Participation in GROW has been shown to decrease the number of hospitalisations per member as well as the duration of hospitalisations when they occur. Members report an increased sense of security and self-esteem, and decreased anxiety. A longitudinal study of GROW membership found time involved in the programme correlated with increased autonomy, environmental mastery, personal growth, self-acceptance and social skills. Women in particular experience positive identity transformation, build friendships and find a sense of community in GROW groups.

Literature

The Programme of Growth to Maturity, generally referred to as the ‘Blue Book’, is the principal literature used in GROW groups. The book is divided into three sections based on the developmental stages of members: ‘Beginning Growers’, ‘Progressing Growers’ and ‘Seasoned Growers’. Additionally, there are three related books written by Cornelius B. Keogh, and one by Anne Waters, used in conjunction with the Blue Book.

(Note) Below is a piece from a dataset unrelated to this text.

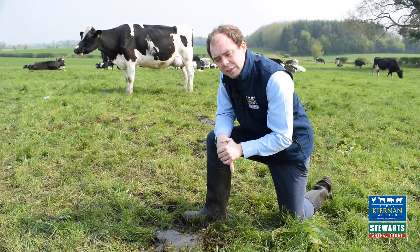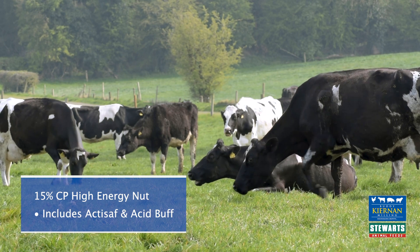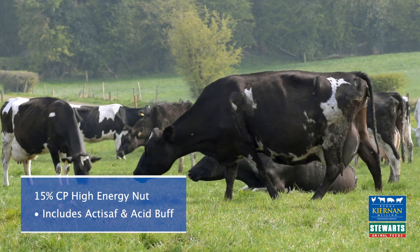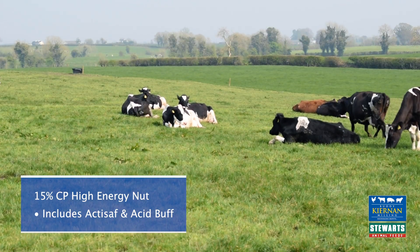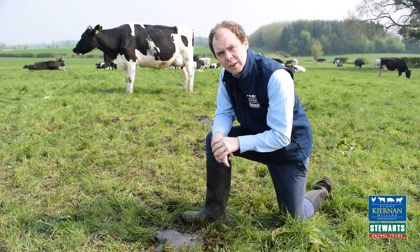With this in mind, Ciernan Millen's 15% Nut has been specifically designed to eliminate this with the inclusion of Acid Buff and Acti Staff. So to help prevent this butterfat drop on your farm, contact Ciernan Millen.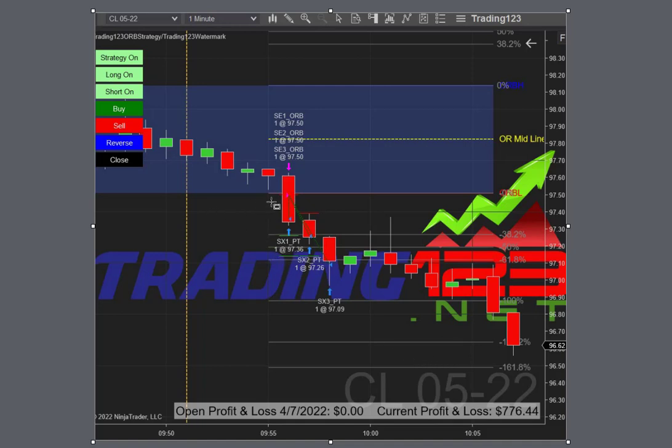It was an excellent trade. The strategy did what it did — it took out the opening range low, sold off, hit its first two targets, then the third. Once it bottomed out, it tried to bounce but failed, and then the bottom fell out and it went down almost to the 161 Fibonacci level. Another great trade with the opening range breakout strategy on crude oil.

  • GROW (1983). GROW: World Community Mental Health Movement: The Program of Growth to Maturity (the “Blue Book”). Sydney, Australia: GROW Publications. OCLC 66288113.
  • Keogh, Cornelius B. (1975). Readings for mental health (the “Brown Book”). Sydney, Australia: GROW Publications. ISBN 0-909114-00-5. OCLC 47699449.
  • Keogh, Cornelius B.; GROW (Australia) (1967). Readings for recovery (the “Red Book”). Sydney Australia: GROW. OCLC 154602570.
  • Keogh, Cornelius B. (1967). Recovery. Sydney, Australia. OCLC 57499165.
  • Waters, Anne (2005). GROWing to Maturity: A Potpourri of Readings for Mental Health (the “Lavender Book”). GROW in Ireland Ltd. ISBN 0-9529198-2-6.